**RAW DATA:**

<<<<

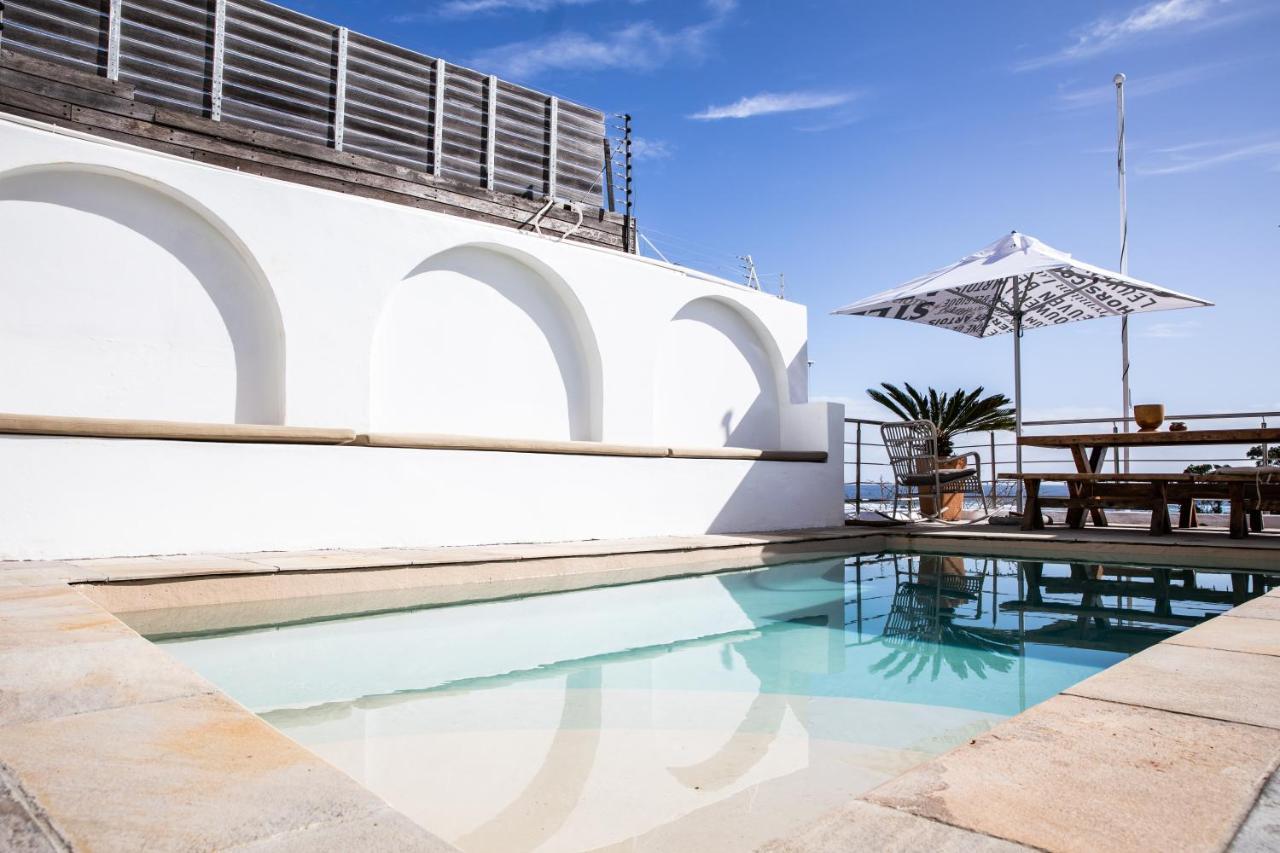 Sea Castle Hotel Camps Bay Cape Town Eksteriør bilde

>>>>
<<<<

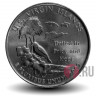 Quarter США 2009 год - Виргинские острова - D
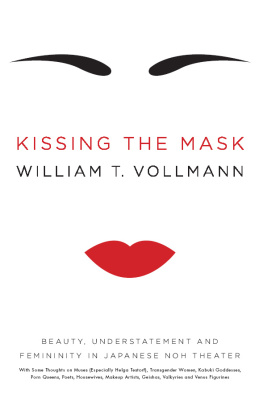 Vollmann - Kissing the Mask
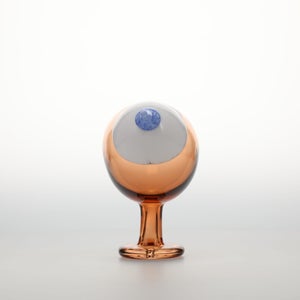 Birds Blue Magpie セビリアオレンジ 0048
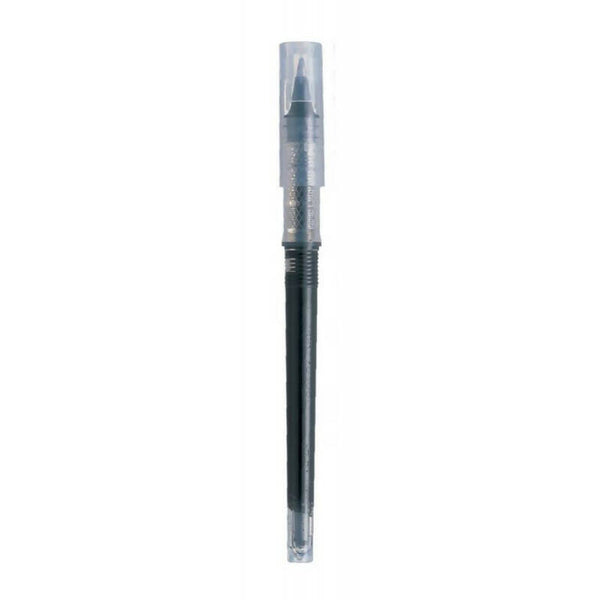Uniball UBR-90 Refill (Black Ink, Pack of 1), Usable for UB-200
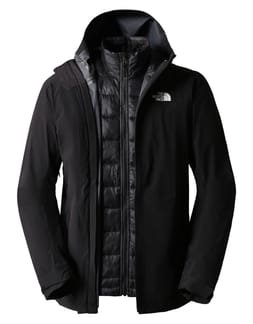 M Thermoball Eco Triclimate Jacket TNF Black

>>>>

**TASK TO CARRY OUT:**
Would you please reproduce the entries above, starting at the line with "Quarter США 2009" and stopping after the line with "M Thermoball Eco Triclimate Jacket TNF Black"? Omit any pictures.

**SOLVED EXERCISE:**
 Quarter США 2009 год - Виргинские острова - D
 Vollmann - Kissing the Mask
 Birds Blue Magpie セビリアオレンジ 0048
Uniball UBR-90 Refill (Black Ink, Pack of 1), Usable for UB-200
 M Thermoball Eco Triclimate Jacket TNF Black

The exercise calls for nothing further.